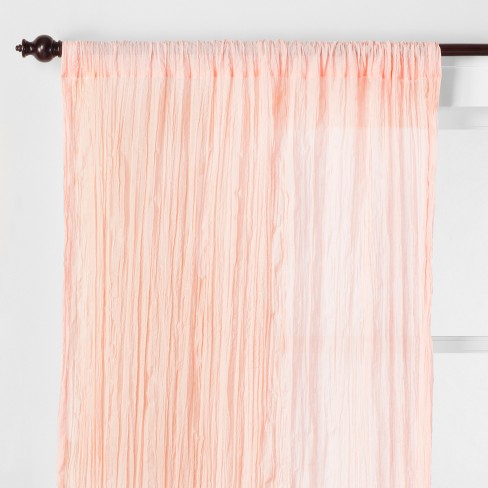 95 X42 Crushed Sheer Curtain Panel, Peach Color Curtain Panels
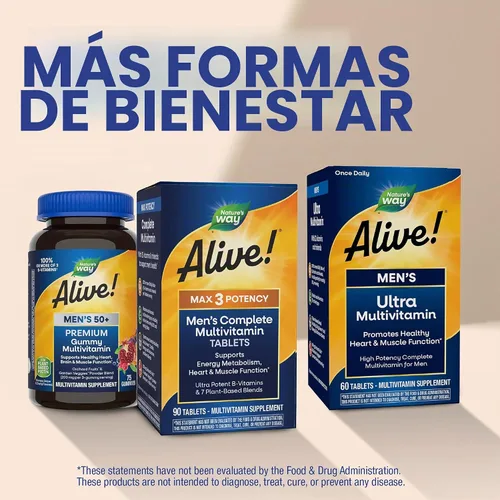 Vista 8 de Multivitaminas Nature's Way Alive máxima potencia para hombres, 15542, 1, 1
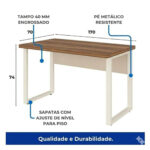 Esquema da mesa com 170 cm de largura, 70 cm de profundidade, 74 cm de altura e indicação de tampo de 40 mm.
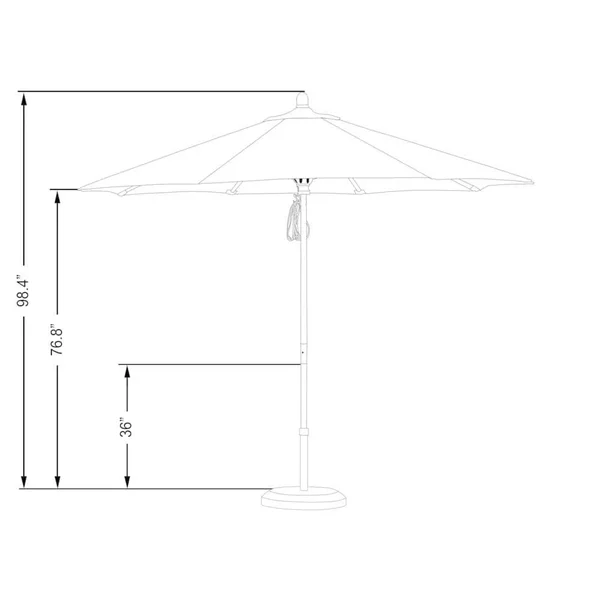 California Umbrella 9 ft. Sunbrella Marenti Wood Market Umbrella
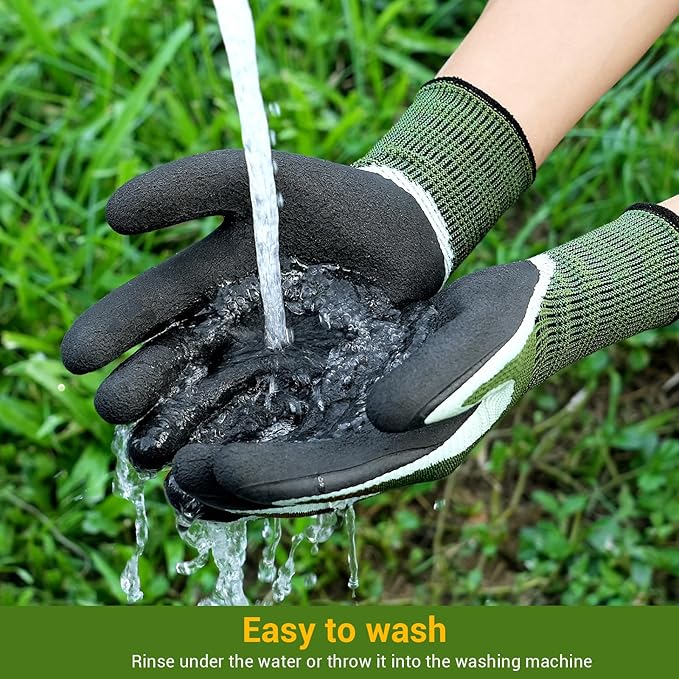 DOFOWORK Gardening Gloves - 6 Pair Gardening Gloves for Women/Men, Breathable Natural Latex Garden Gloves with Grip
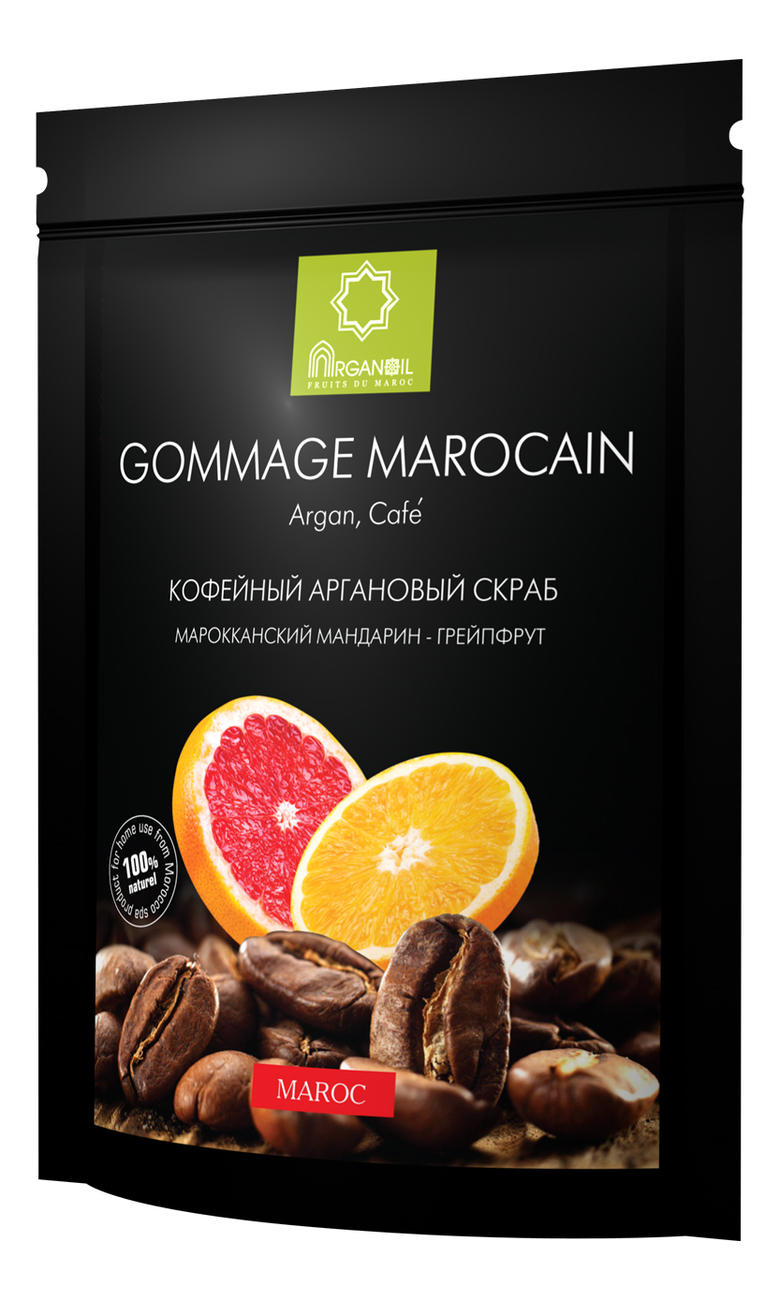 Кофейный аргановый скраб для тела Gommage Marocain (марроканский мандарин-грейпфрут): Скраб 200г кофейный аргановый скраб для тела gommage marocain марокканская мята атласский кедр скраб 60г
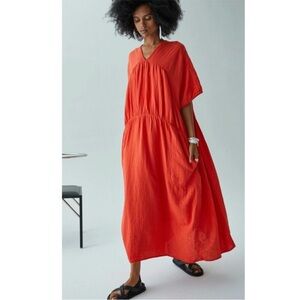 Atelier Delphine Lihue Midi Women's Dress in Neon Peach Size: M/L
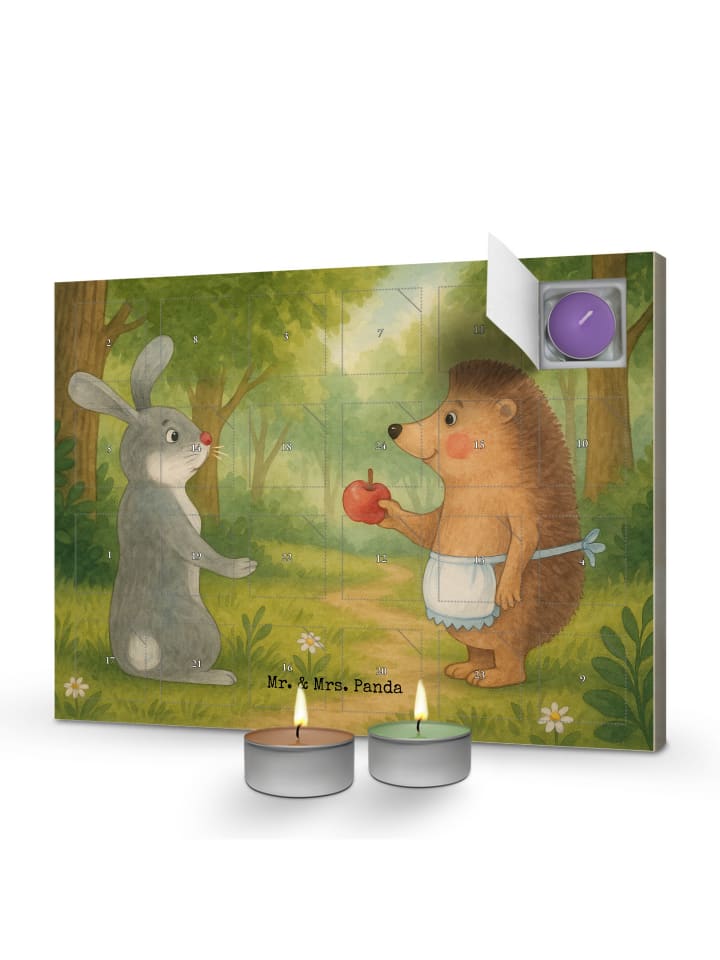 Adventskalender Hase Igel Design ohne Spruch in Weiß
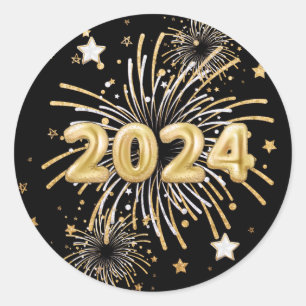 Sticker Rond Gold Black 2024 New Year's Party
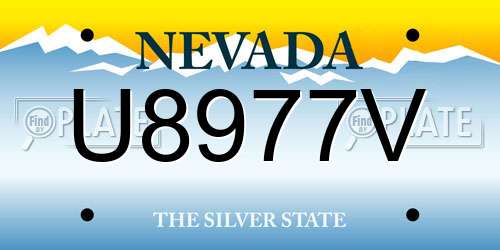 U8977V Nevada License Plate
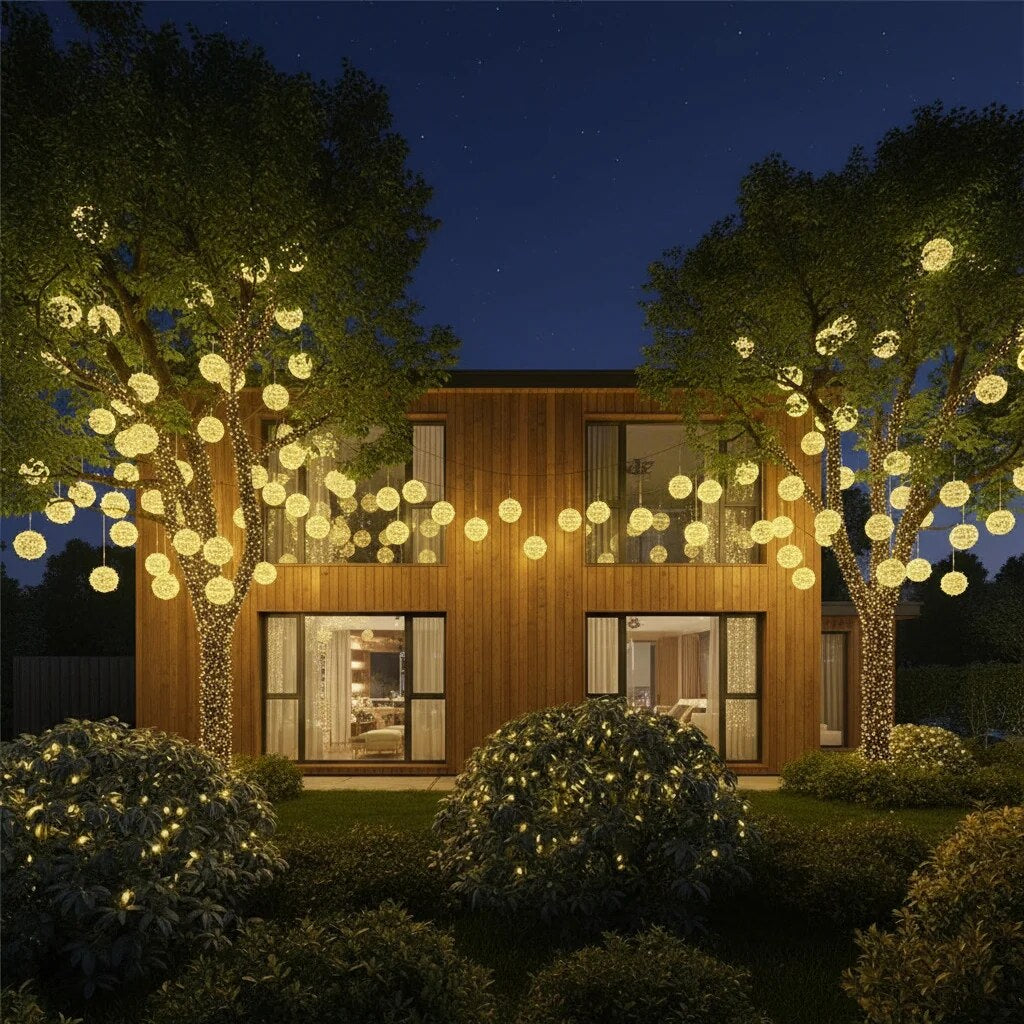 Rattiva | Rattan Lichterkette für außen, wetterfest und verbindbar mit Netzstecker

* **Work required**: None of the pictures should be copied, but every record above must be returned exactly.

* **Exercise answer**:
 95 X42 Crushed Sheer Curtain Panel, Peach Color Curtain Panels
 Vista 8 de Multivitaminas Nature's Way Alive máxima potencia para hombres, 15542, 1, 1
 Esquema da mesa com 170 cm de largura, 70 cm de profundidade, 74 cm de altura e indicação de tampo de 40 mm.
 California Umbrella 9 ft. Sunbrella Marenti Wood Market Umbrella
 DOFOWORK Gardening Gloves - 6 Pair Gardening Gloves for Women/Men, Breathable Natural Latex Garden Gloves with Grip
 Кофейный аргановый скраб для тела Gommage Marocain (марроканский мандарин-грейпфрут): Скраб 200г кофейный аргановый скраб для тела gommage marocain марокканская мята атласский кедр скраб 60г
 Atelier Delphine Lihue Midi Women's Dress in Neon Peach Size: M/L
 Adventskalender Hase Igel Design ohne Spruch in Weiß
 Sticker Rond Gold Black 2024 New Year's Party
 U8977V Nevada License Plate
 Rattiva | Rattan Lichterkette für außen, wetterfest und verbindbar mit Netzstecker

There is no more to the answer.